Galata opened in March 2018 and clearly observes the historic and cultural requirements of Sofitel’s MGallery club – inhabiting a neoclassical building constructed by an Italian banking family in the 1840s. It was home to a succession of banks until earlier this decade and still emphasises its history with original deposit boxes lining the lobby.

MGallery merged the building with the adjacent bath house to complement its hotel plans. While the hammam was renovated ahead of the hotel’s opening, the restoration efforts have been faithful to the original design. A display in the bath’s entrance explains that this was done to ensure “the continuity of historical transference of 300 years is maintained”. The result is a stunning blend of new and old; traditional luxuries fused with modern comfort. Saunas and steam rooms supplement the orthodox hammam (which can be used free of charge by hotel guests), while a range of massage treatments are available for an extra cost.

The hotel is just 10 minutes’ walk from Istanbul’s main street – Istiklal Caddesi – and a 15-minute tram ride from the Blue Mosque.
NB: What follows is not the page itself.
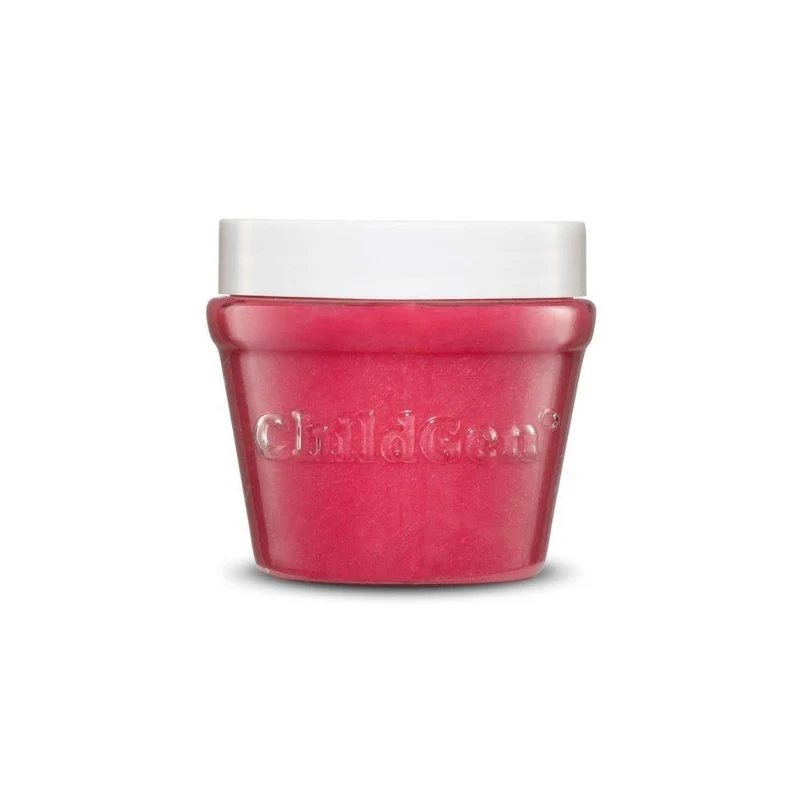 Set de 3 botes de plastilina natural 125 gr. amarillo, rosa, naranja · ChildGen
It is also only 100 metres from Neolokal, one of Istanbul’s top restaurants (see City Guide). Service at the hotel is polished – friendly without being too eager, well-informed and discrete. For those who are not sufficiently exhausted by Istanbul’s long walks, there is also a moderately-sized gym. 

When I check in to the hotel, my concierge Güray gestures proudly to the large double-door windows of my fifth-floor room to a stunning vista. The Galata sits on a slope above the Golden Horn, a famous body of water dividing Istanbul’s modern and historic European quarters. It affords breathtaking views of the old town, with the Sultanahmet Mosque front and centre. Sightseeing heavyweights the Blue Mosque and the Hagia Sophia (a former Greek Orthodox Christian patriarchal cathedral built in 537 AD) sit closer to the horizon.

The hotel rooms follow the hammam’s lead in blending old and new. Traditional wallpapers and exquisite bathroom tiles add local touches, while a plush queen bed (with your choice of head rest from the personal pillow menu), stylish hanging lights, and an oversized television provide the necessary creature comforts – not that you’d want to glue your eyes to a screen when such a superlative view is on offer. Seagull squawks and boat horns from the water below add an atmospheric soundtrack, which is interspersed by the stirring lilt of the five daily calls to prayer.

For those in rooms facing away from the Golden Horn, a similar view can be admired from a spacious second-floor breakfast room. The morning meal features a spread of local and international favourites, with fresh juices and Turkish coffees best enjoyed on the sun-drenched outdoor terrace. The space doubles as a restaurant and bar in the evening. If there is one criticism of the Galata Hotel, it is that on weekends the noise drifts upstairs into the night. 

Strolling across the nearby Galata Bridge during my visit, I spot an elderly gentleman adding bait to his fishing line – no doubt hoping, like his forebears have for centuries, for a bountiful catch from Instanbul’s Bosphorus Strait. As he prepares to cast his line, the fisherman fumbles with a jacket pocket. He reveals an iPhone. It is a classic Istanbul moment – a city with millennia of history where new and old meld in delightful and surprising ways. It now has a hotel to match.  



The hotel is a 30-minute taxi ride from Istanbul’s Ataturk Airport and slightly further away from the new Istanbul Airport, which will welcome most international arrivals by mid-2019.


Rooms at Galata Hotel Istanbul start from T640₺ (A$160) per night, based on double occupancy and breakfast included.